This replaces global broadcast of fast-moving per-resource state with a much smaller globally-replicated topology table.
When to use¶
- State changes are high-volume / high-frequency.
- Cross-region queries are a small fraction of all queries.
- The global topology (which regions own which address space / shards) changes slowly.
- An extra in-fabric forward hop is latency-acceptable for the minority path.
Canonical instance¶
systems/netflix-flowcollector runs a cluster per AWS region. Cross-regional flow attribution:
- A regional FlowCollector node receives a flow whose remote IP is outside its region.
- Lookup in the CIDR trie — keyed on all Netflix VPC CIDRs — returns the remote region.
- The node forwards the flow to a peer in that region.
- The peer region resolves the remote IP from its own in-memory heartbeat time-range map.
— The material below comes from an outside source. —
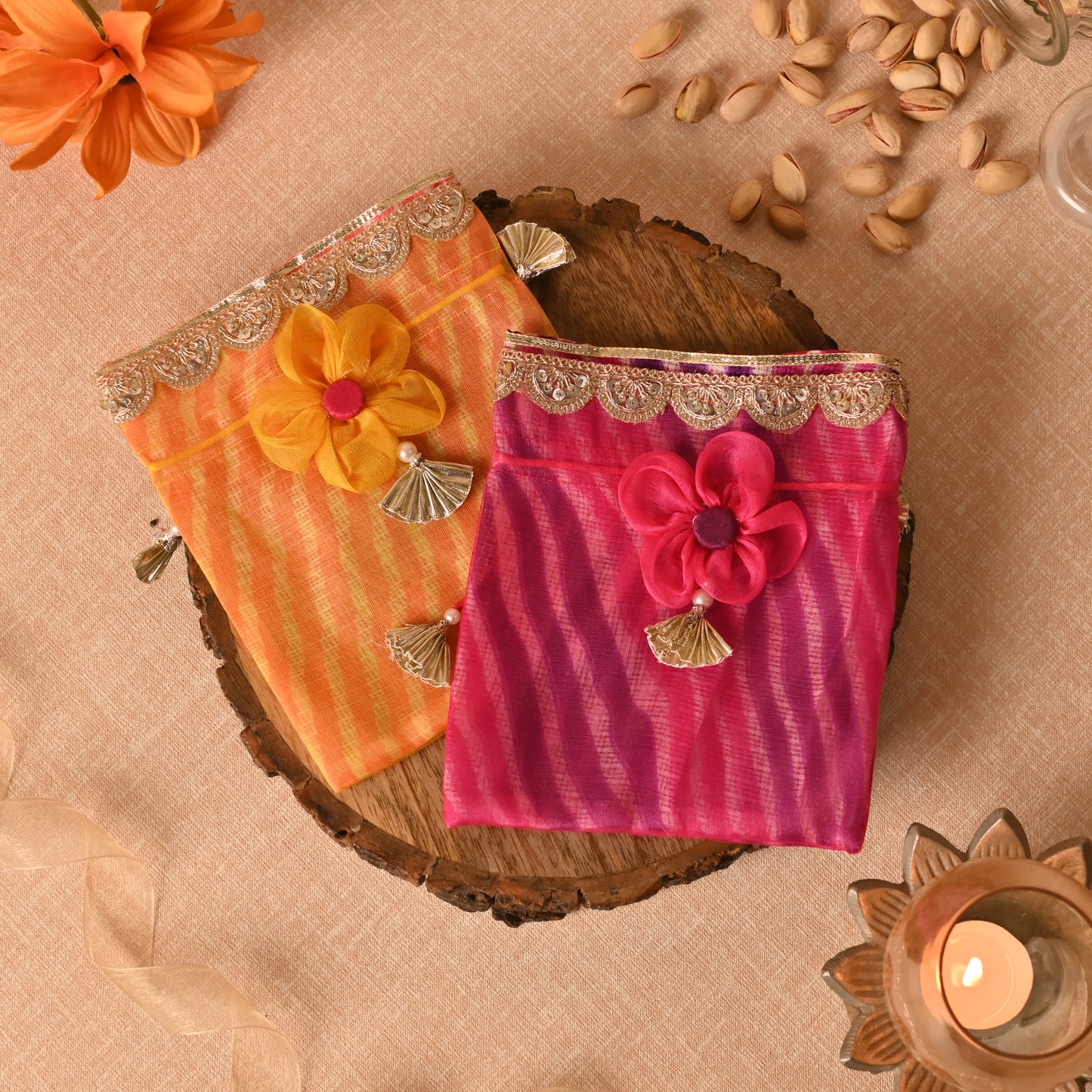 Banaavat Essence Dual Fabric Favor Potli – Floral Drawstring (6"x7")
Only ~1% of Netflix's flows are cross-regional, so forward hops are cheap in aggregate. By contrast, global broadcast of per-IP time ranges would push 100% of updates across regions.
Why a trie¶
The trie shape matches the structure of CIDR ranges. Walking bit by bit returns the most specific match in O(address-length):
- IPv4: 32 comparisons worst case.
- IPv6: 128 comparisons worst case.
Compared to linear scan over a list of CIDRs, a trie is orders of magnitude faster and its size is bounded by the number of CIDRs, not the number of IPs. See concepts/trie-data-structure.
Trade-offs¶
- Cross-region latency hop. Adds round-trip across AWS regions for cross-region queries. Acceptable because (a) only ~1% of queries and (b) attribution is not a synchronous user-facing path.
- Topology drift. CIDR trie must be kept in sync with VPC changes; slower-moving state, easier to keep consistent than per-IP ownership maps.
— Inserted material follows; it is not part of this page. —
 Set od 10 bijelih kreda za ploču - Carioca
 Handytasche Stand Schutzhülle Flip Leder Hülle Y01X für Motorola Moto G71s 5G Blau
- Availability. If the target region is unreachable, cross- region queries fail. Same failure mode as any regional dependency.
Alternatives¶
- Global state replication. Pay full cross-region bandwidth for every update so cross-region queries are local reads. Wrong when cross-region queries are a small minority.
- Client-side routing. Force the caller to hit the correct regional service directly. Works if the caller has topology knowledge; doesn't when the caller only has a remote IP.
- Two-tier cache. Global cache of cross-region answers; falls back to forward hop on miss. Adds a cache-management axis; often not worth it.
Seen in¶
- sources/2025-04-08-netflix-how-netflix-accurately-attributes-ebpf-flow-logs — canonical wiki instance; ~1% cross-regional flow fraction makes forward-on-trie decisively cheaper than global broadcast.